Mike Sgarbossa, nouveau visage du HC Lugano, incarne parfaitement le profil que Janick Steinmann semble vouloir imposer à la Cornèr Arena: technique, intelligence de jeu, engagement total… et un sacré vécu nord-américain. À 32 ans, ce centre canadien débarque du farm system des Capitals avec un CV solide: plus de 600 matchs d’AHL, une poignée d’apparitions en NHL, un titre de Calder Cup en 2024 et un jeu taillé pour piloter une ligne offensive en Europe. C’est ce rôle qu’il pourrait endosser au Tessin, celui que Mark Arcobello a longtemps tenu : un centre de jeu pur, capable de dicter le tempo.
On parle ici d’un joueur au playmaking affiné, qui pense collectif avant tout. Son point fort? La vision. Dans un hockey suisse rapide et de plus en plus basé sur la transition, sa capacité à faire circuler le puck sous pression, à trouver les intervalles au bon moment, peut devenir une arme tactique majeure. Il ne cherche pas à briller par le tir – même s’il sait conclure – mais il fait briller les autres. Ses passes sont tendues, précises, souvent imprévisibles. Il n’a jamais été le joueur qui aligne les highlights… mais c’est souvent lui qui les initie.

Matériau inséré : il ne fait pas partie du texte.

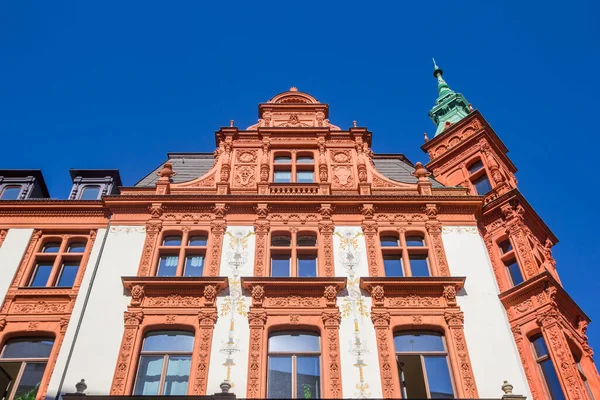 Façade Bâtiment Rouge Historique Leipzig Allemagne — Photo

Sgarbossa, ce n’est pas du power hockey, et ce n’est pas non plus un virtuose au style flamboyant. C’est un cerveau sur patins, avec des jambes qui tiennent le rythme. Rapide, mobile, souvent bien positionné en zone neutre, il fait peu d’erreurs coûteuses. Défensivement, il est fiable, et peut se muer en soutien sur le box-play sans problème. Ce n’est pas un leader vocal mais un joueur qui inspire par son intensité. Un gars qu’on ne remarque pas à la première présence, mais qui gagne la confiance du coach au fil des matchs. Les coaches aiment ce genre de joueur. Les coéquipiers aussi.
UN BATTANT
Son parcours? Typique de ceux qu’on qualifie de « tweener » en Amérique du Nord. Trop fort pour l’AHL, pas assez pour tenir un spot permanent en NHL. Ce n’est pas une insulte, c’est même devenu une catégorie à part entière. Et Sgarbossa y a excellé. Il a souvent été l’homme à appeler quand Evgeny Kuznetsov ou Nicklas Bäckström étaient blessés à Washington. Et quand il montait, il faisait le job. Propre. Solide. Sans se plaindre.

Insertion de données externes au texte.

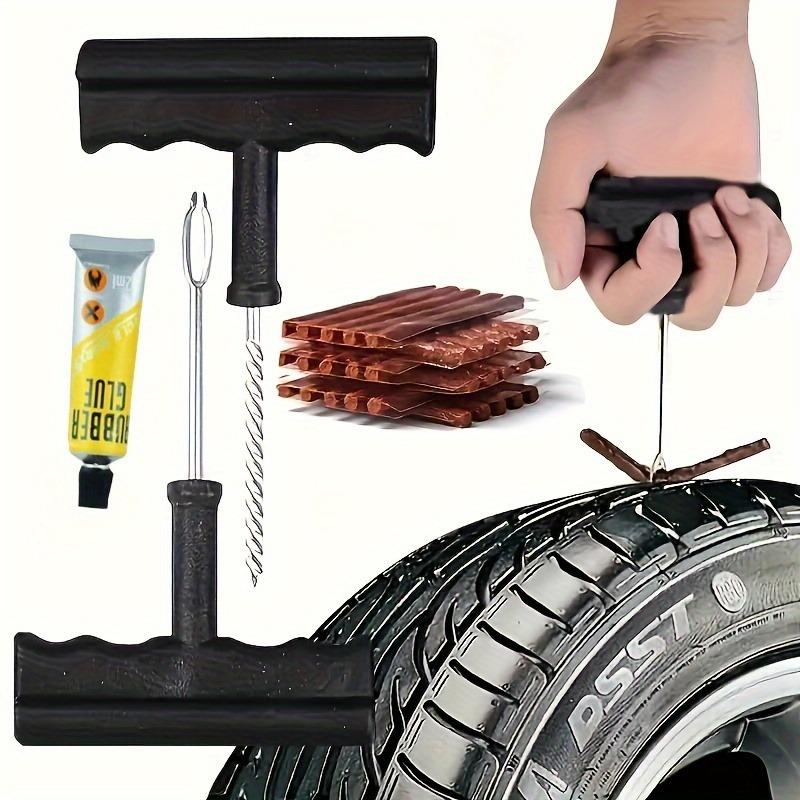 Kit de réparation de pneus crevés avec paquet de mèches de pneu, embouts en acier inoxydable avec poignées durables - Kit de crevaison portable et robuste pour automobile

On le sait: la NHL n’a jamais été tendre avec ce type de joueur. Pas drafté, malgré une belle carrière junior (meilleur marqueur de l’OHL, capitaine, prix du fair-play…), il a dû se battre pour chaque contrat. Les scouts le voyaient comme « trop léger », pas assez explosif. Traduction: il n’entrait pas dans les cases du moment. Il a quand même signé pro avec Colorado, puis a navigué entre Anaheim, Florida, Winnipeg et enfin Washington. Toujours sur le fil. Toujours en mission.
Et puis il y a eu Hershey. Une vraie maison. Il y devient leader incontesté, capitaine de vestiaire sans le « C », et moteur offensif. En 2024, il décroche enfin ce que peu de joueurs peuvent afficher: une Calder Cup. C’est un titre qui compte en AHL. Il en parle avec fierté, comme d’un accomplissement. Et on comprend pourquoi. Car en parallèle, la NHL lui a fermé la porte à chaque fois qu’un nouveau nom arrivait au sommet de la depth chart. Quand ce n’était pas Bäckstrom ou Kuznetsov, c’était Dylan Strome ou Pierre-Luc Dubois. Pas facile de se faire une place là-dedans. Il ne s’est jamais plaint. Il a juste continué.
Mais à un moment, il faut choisir. Et Sgarbossa a choisi l’Europe. Non pas pour fuir, mais pour construire. Il le dit lui-même: «Sept ans dans la même organisation, c’est un privilège. Mes enfants sont nés à Washington. Mais j’ai envie de stabilité. J’ai envie d’être un pilier, pas un remplaçant.» Et c’est à Lugano qu’il veut devenir ce pilier. Pour un centre de son profil, le championnat suisse est une belle opportunité. La glace est grande, les responsabilités sont claires, et le style correspond à ses forces.